Najlepiej książkę, która Cię wciągnie, rozrusza umysł, skłoni do myślenia.

Prawda jest taka, że myślenie to jest skomplikowana rzecz i mózg również trzeba trenować, aby "myślał". Telefony tego nie uczą i rozleniwiamy umysły.
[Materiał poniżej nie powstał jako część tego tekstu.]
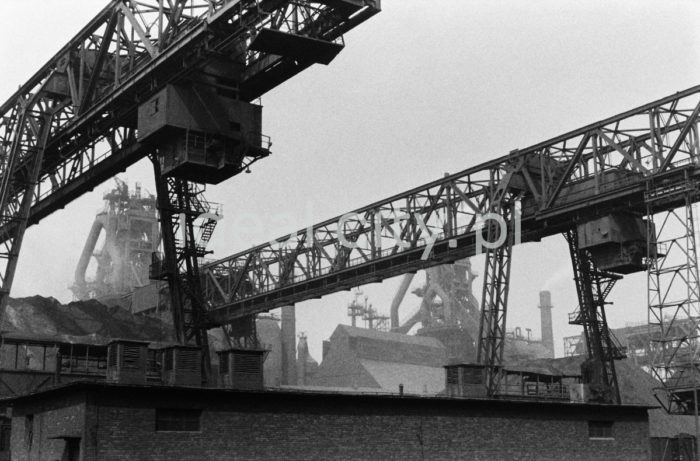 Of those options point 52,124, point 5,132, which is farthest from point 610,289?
point 5,132

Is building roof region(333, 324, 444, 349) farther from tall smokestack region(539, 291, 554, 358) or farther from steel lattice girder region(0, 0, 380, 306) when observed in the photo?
steel lattice girder region(0, 0, 380, 306)

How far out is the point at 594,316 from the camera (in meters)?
31.3

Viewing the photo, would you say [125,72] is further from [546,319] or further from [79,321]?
[546,319]

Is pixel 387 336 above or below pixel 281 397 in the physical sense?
above

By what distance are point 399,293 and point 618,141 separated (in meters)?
68.7

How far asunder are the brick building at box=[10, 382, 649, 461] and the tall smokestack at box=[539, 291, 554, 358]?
71.2 meters

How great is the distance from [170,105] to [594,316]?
16.3 meters

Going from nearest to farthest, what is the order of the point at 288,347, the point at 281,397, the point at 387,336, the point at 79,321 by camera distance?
the point at 281,397 < the point at 79,321 < the point at 288,347 < the point at 387,336

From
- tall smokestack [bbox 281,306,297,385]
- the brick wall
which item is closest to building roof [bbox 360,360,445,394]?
tall smokestack [bbox 281,306,297,385]

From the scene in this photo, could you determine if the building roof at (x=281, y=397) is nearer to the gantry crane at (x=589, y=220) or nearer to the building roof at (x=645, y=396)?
the gantry crane at (x=589, y=220)

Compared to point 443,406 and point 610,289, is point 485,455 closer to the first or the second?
point 443,406

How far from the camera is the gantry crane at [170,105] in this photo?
2253 cm

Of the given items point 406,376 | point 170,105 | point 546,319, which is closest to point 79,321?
point 406,376

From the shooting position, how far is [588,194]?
101ft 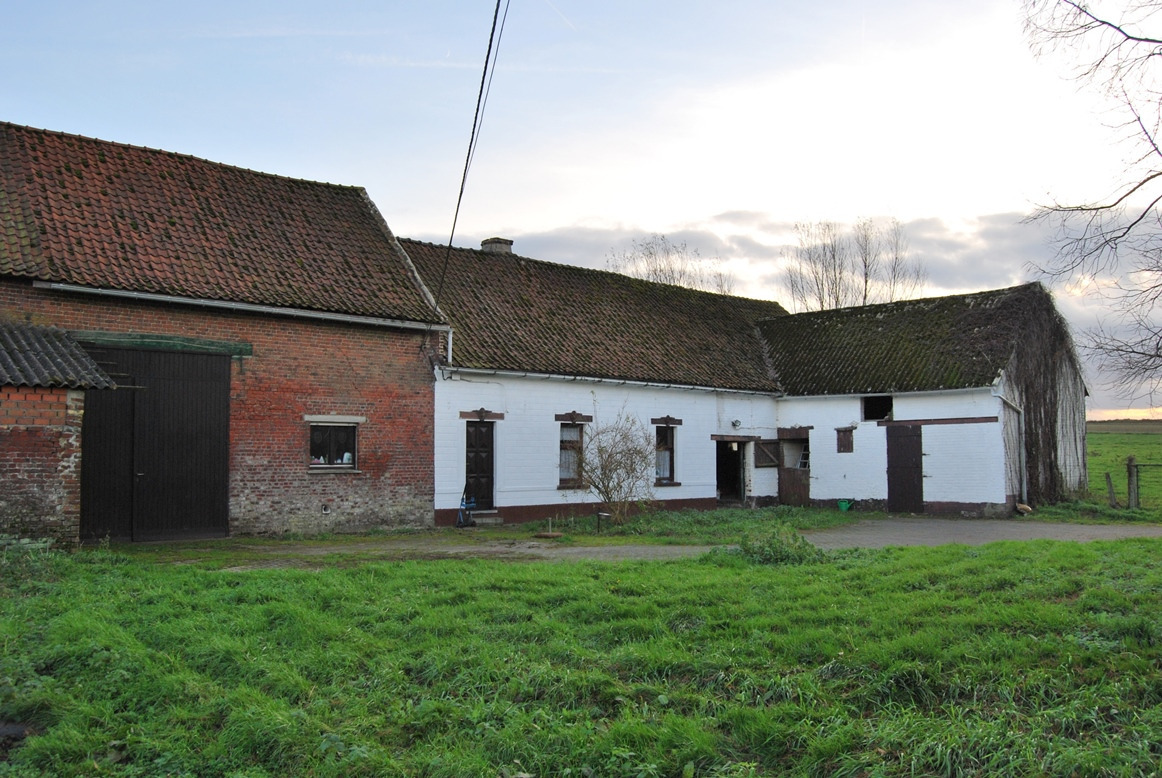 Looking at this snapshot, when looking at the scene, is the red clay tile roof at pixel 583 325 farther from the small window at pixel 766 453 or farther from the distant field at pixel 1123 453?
the distant field at pixel 1123 453

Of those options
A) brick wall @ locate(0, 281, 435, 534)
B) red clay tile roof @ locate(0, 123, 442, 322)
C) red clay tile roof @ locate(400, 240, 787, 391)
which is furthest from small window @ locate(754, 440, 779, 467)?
red clay tile roof @ locate(0, 123, 442, 322)

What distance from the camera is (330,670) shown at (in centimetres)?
701

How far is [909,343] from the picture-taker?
83.1 ft

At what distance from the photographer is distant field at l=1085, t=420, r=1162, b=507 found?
92.8 ft

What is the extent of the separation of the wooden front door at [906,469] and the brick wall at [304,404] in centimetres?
1309

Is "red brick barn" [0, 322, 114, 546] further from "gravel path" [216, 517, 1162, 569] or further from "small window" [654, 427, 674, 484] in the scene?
"small window" [654, 427, 674, 484]

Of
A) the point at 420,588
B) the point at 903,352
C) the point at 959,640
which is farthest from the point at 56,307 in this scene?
the point at 903,352

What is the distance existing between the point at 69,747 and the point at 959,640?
20.3ft

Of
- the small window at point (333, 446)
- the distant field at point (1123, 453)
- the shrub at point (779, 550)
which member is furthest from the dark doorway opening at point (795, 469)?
the shrub at point (779, 550)

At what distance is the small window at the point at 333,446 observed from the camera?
16953 mm

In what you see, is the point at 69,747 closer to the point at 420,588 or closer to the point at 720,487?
the point at 420,588

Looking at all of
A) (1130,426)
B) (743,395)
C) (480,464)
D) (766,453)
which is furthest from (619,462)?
(1130,426)

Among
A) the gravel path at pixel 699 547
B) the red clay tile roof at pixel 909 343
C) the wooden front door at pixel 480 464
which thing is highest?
the red clay tile roof at pixel 909 343

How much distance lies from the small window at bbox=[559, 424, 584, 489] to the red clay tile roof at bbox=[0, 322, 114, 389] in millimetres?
10472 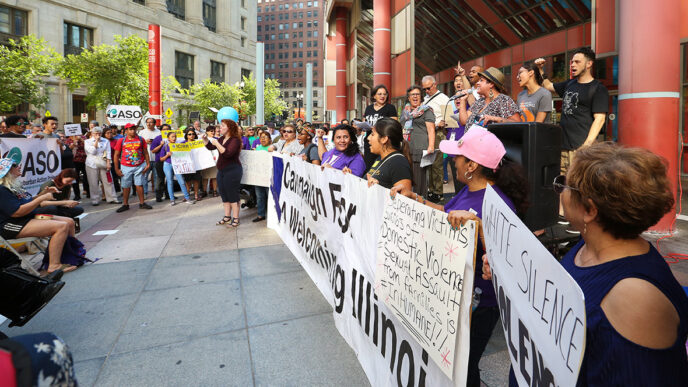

Edit: @pianinka również dla Ciebie rzucam taki pomysł. Odstawienie całkowite komórki.
  • Odpowiedz
czuję całkowity bezsens egzystencji i nienawidzę siebie. Dlatego czytam


@FormalinK: czyli w zasadzie robisz to samo co ten co scrolluje, gra w grę albo ogląda telewizję - zajmujesz sobie czymś mózg, bo masz za dużo wolnego czasu. A jak zrobisz sobie przerwę od czytania to walisz sobie do myśli jaki jesteś zajebisty, że czytasz książki podczas kiedy pospólstwo zajmuje się jakimiś bezsensownymi czynnościami.
  • Odpowiedz
@FormalinK: @localoca: Nie znajdę teraz źródła ale takie zachowanie gdzie czujesz jakąś radość ale nic nie zrobiłeś może prowadzić do depresji. Np granie w gry gdzie ciągle wygrywasz, albo przeglądanie wykopu gdzie cały czas masz ciekawostki, oglądanie samych fajnych seriali na netflixie.
  • Odpowiedz
robisz to samo co ten co scrolluje


@WyjmijKija: nie można porównywać scrollowania do grania, czytania, oglądania filmów. Skupiasz się na czymś wykonując jedna czynność, lub skupiasz się na wszystkim r------------c sobie szare komórki i psychikę, koncentrację, samopoczucie i poczucie własnej wartości (nałogowe surfowanie).